Emma Basher

Personal information
- Born: 16 June 1992 (age 34)
- Home town: Adelaide, Australia
- Education: Syracuse University Annesley College

Sport
- Country: Australia
- Sport: Rowing
- College team: Syracuse Orange (2011–2013)

Medal record
Women's rowing
Representing Australia
Youth Olympic Games
| Silver medal – second place | 2010 Singapore | Coxless pair |
Female World Rowing Championships
| Bronze medal – third place | 2010 | Coxless four |

= Emma Basher =

Australian rower (born 1992)

Emma Basher (born 16 June 1992) is a Junior World and Youth Olympic rower from Adelaide, South Australia. In 2010 in her 1st year of international competition Basher won a bronze medal at the Junior Worlds and Silver at the Youth Olympics with fellow South Australian Olympia Aldersey.

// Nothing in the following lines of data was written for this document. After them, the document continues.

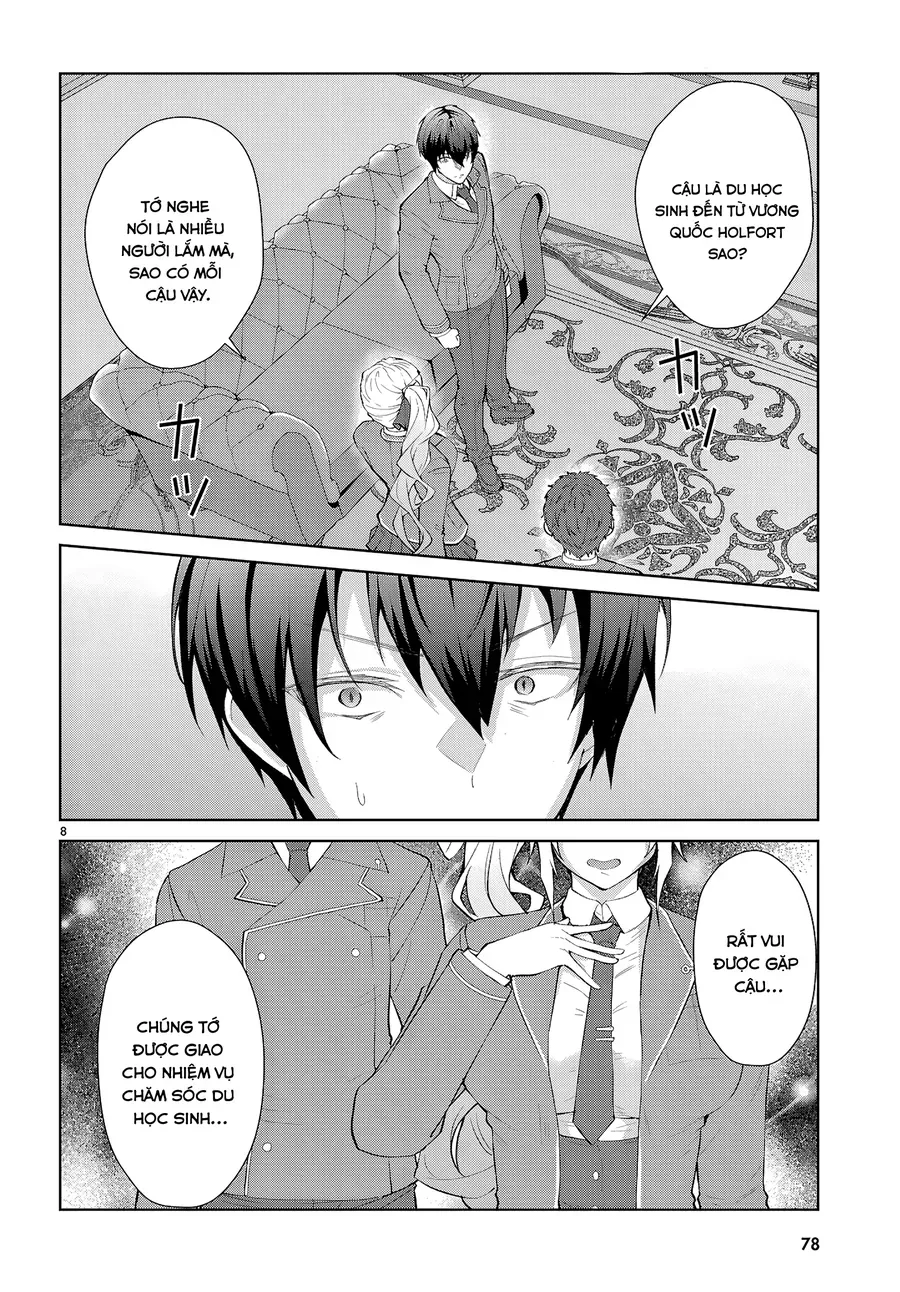 Otome Game Sekai Wa Mob Ni Kibishii Sekai Desu (Kyouwakoku-Hen) Chap 2 - Next Chap 1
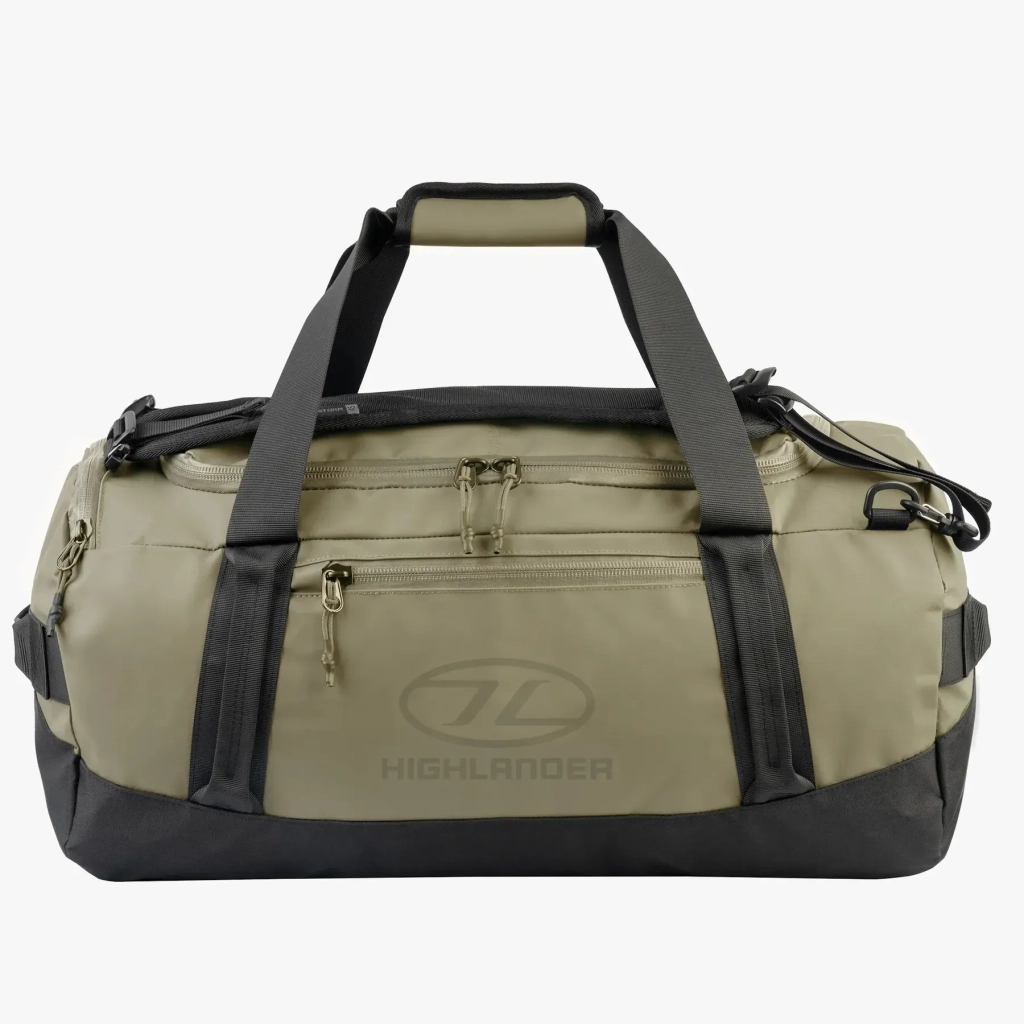 Дорожня сумка Highlander водозахисна Hauler Duffel 45L Ranger Green (DB132-RG (931675) - зображення 1
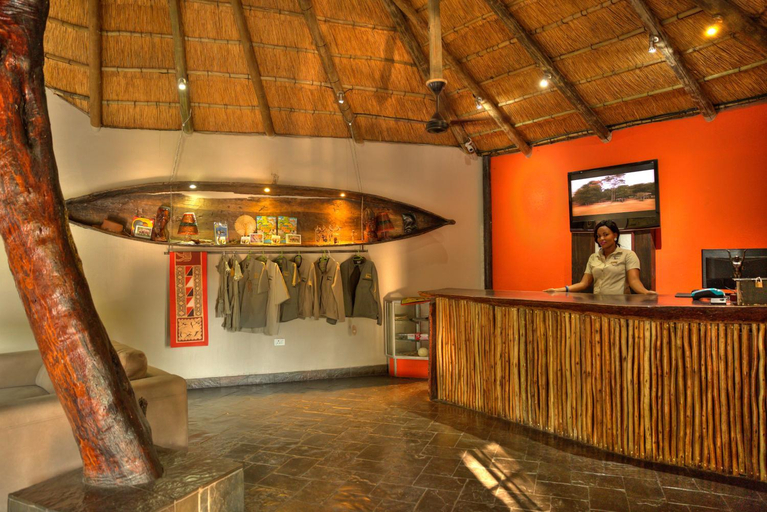 Public Area, Thamalakane River Lodge, Ngamiland East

Basher rows for the Adelaide Rowing Club and competed in the 2009 Australian Youth Olympic Festival where she won gold in the women's Coxless Pair and Eight and Silver in the Coxless Four.

In 2010 Basher was a Year 12 student of Annesley College.

Basher enrolled at Syracuse University in 2011 on a rowing scholarship, where she was a member of the women's crew from 2011 to 2013.